Kickstarter: The Resistance – Hostile Intent & Hidden Agenda

Hostile Intent Hidden AgendaSummer is the WORST weather for spies thanks to all that dark-coloured clothing, although they do get to skulk in cooling shadows and hang out on one-man submersibles I guess so perhaps I’ve overstated the issue. Future spies definitely have a bad time of it though, with global warming having gone crackers and the authoritarian world government inevitably pushing their hours up at the same time as cutting holidays and taking away the free teabags.

You can avoid all that nonsense by grabbing yourself a copy of The Resistance, which I’ve already gushed over in these pages as a hilarious hidden-roles game that basically lets you find out which of your so-called friends is most likely to suddenly push you down the stairs or steal your cat and run off into the night. There is shouting too. And rage. SO MUCH RAGE. I love The Resistance for the way it encourages people to act in ways they normally never would, casually lying to your face before subtly incriminating someone else as the secret saboteur and sitting back to enjoy the mayhem. But despite its brilliance and opportunity for individual expression, games can become, well, a bit formulaic after a while to be honest, especially when you get to know each other’s playing styles and tell-tale signs they’re lying.

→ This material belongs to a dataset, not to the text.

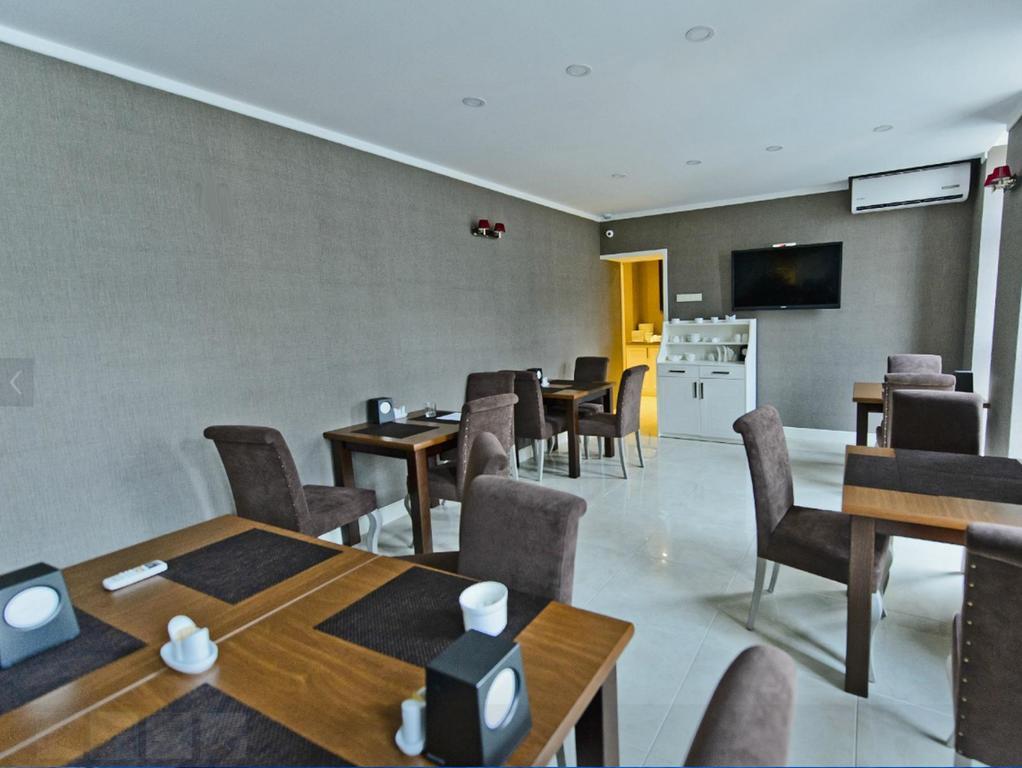 Sea Towers 2 Room Apartment バトゥーミ エクステリア 写真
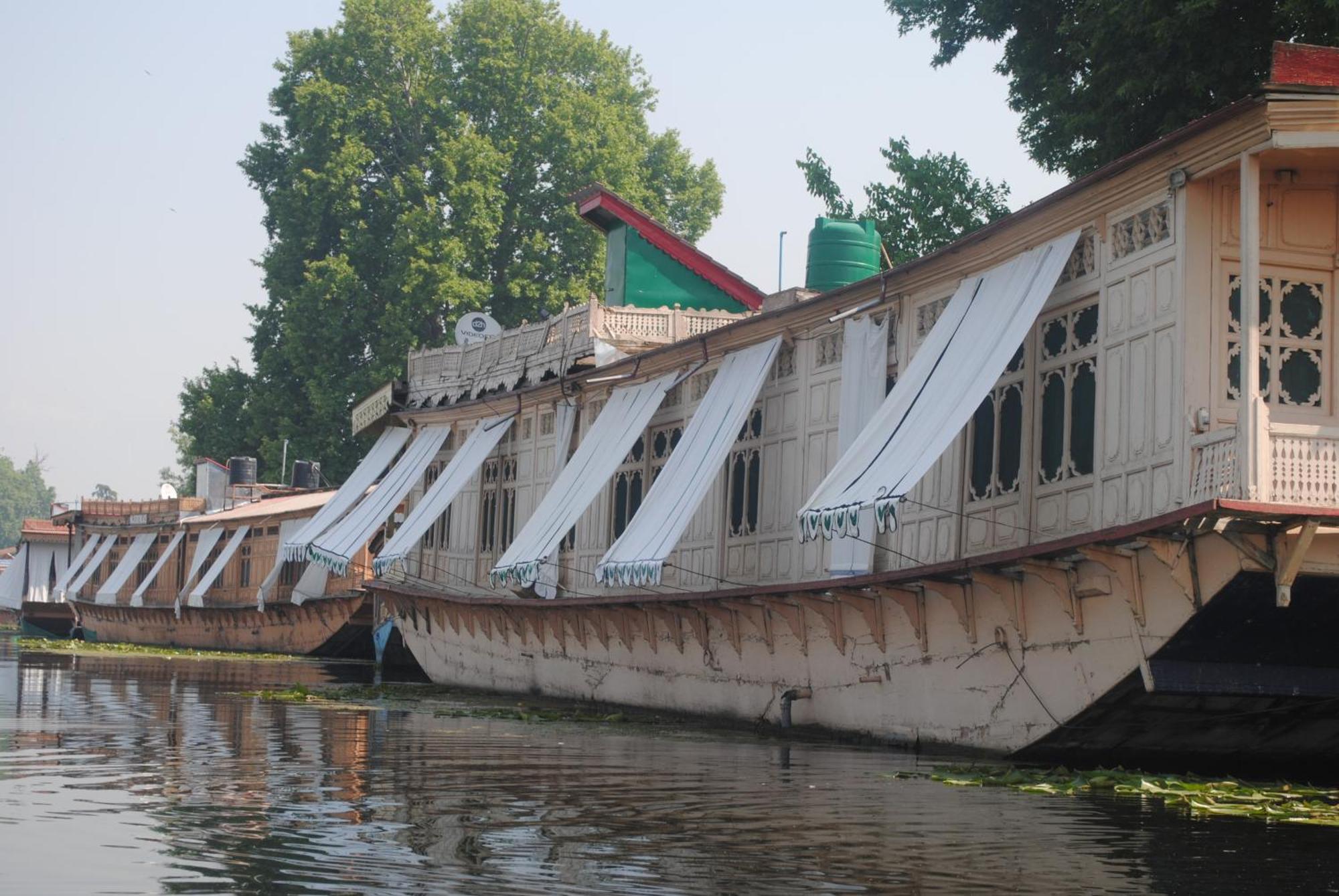Botel Heaven Breeze Group Of Houseboats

Publisher Indie Boards and Cards made some effort to mix things up by including a set of ‘plot’ cards in the game, which give players special powers they can use to help ferret out spies or throw a spanner in the works of missions. But that’s nothing compared to the chaos injected through the 2012 follow-up The Resistance: Avalon, an Arthurian re-skin of the core game which added super-powered characters to individual cards. No longer are you just a resistance member or government spy. Now players could be Merlin, or Morgana, or Mordred, or any medieval character beginning with M, each with their own intrinsic ability which tears up the strategy book for the base game and fires it into the sun. Merlin, for example, is a ‘good guy’ who KNOWS WHO THE SPIES ARE, giving the resistance team a huge advantage in picking the right people to go on missions and win the game.

Merlin needs to be far more subtle than just blurting out his or her information, however, as the spy team includes a character called The Assassin, who wins the game for the bad guys if they work out who Merlin is at the end – EVEN IF THE RESISTANCE HAS ALREADY WON. Help!

Assassin Avalon

 

Other cards throw further mindbenders into the game – Percival knows who Merlin is at the start and can help cover his or her tracks to throw off The Assassin. Include Morgana, however, and she also reveals herself secretly to Percival as Merlin at the beginning, leaving him with no idea who to trust. A player cast as Oberon, another evil-doer, doesn’t have to reveal themselves to Merlin at all, and so on and so on until everyone’s winking at each other pretending to be Merlin and no one knows what the hell is going on anymore.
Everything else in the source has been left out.